Before I had ever met graffiti artist Mike 171, I passed by one of his creations nearly every single day. A crucifix made of rusted iron sits in the garden of Good Shepherd Church on 207th Street in Inwood, the sliver of neighborhood at the top of Manhattan. It could be any cross, but anyone from the block would tell you that the metal is from the wreckage of the World Trade Center. “I put that cross there,” Mike 171 told me, and I was instantly transported back to the hundreds of evenings I’d spent eating takeout on the steps of Good Shepherd, watching the sun go down over the former Harlem Savings Bank and the number of passengers at the Bx12 stop dwindle as it got later into the night.
That was the block I’d spend countless childhood Saturday mornings going to the farmer’s market to get apple cider, challah, and organic honey, or where the Mister Softee truck my dad would buy me soft-serve parked at the lip of Inwood Hill Park. And 207th Street weaves down the hill past Vermilyea, Sherman, and 10th, where the neighborhood turns into auto shops, gas stations, and liquor stores. I’d walked that route until 207th transforms into Fordham Road in the Bronx to wait dutifully at the Metro North station for the commuter train to carry me away into the pristine suburbs of Scarsdale, where I would hang out with my then-boyfriend’s family. They were the kind of people who’d be afraid of walking around at night where I lived. I always longed to be able to express to my peers how much I loved the neighborhood colloquially called “the Heights.”
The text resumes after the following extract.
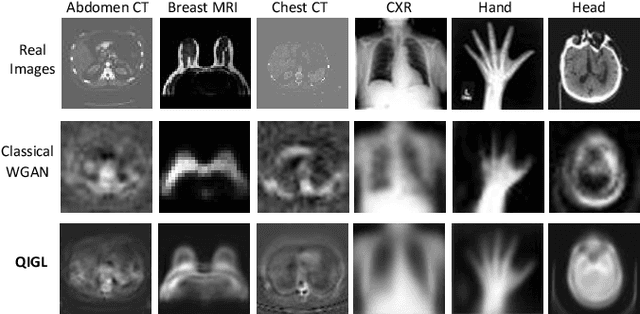 Figure 3 for Quantum Generative Learning for High-Resolution Medical Image Generation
It’s burned into my mind how a high school classmate of mine whose family owned a private plane and whose outfits probably cost more than all of my furniture once turned up her nose at me when I told her I got my makeup at the beauty supply store on Wadsworth Avenue. “Sure, I’d go there,” she said. “But then I’d have to go to Washington Heights.” She looked like she’d just smelled something bad. As I took the 1 train home that day and watched the chaos of Dyckman Street appear out the window, the garish lights of the Western Unions and Kennedy Fried Chickens seemed dimmer. But my neighborhood was my refuge. And Mike 171’s presence was there through it all.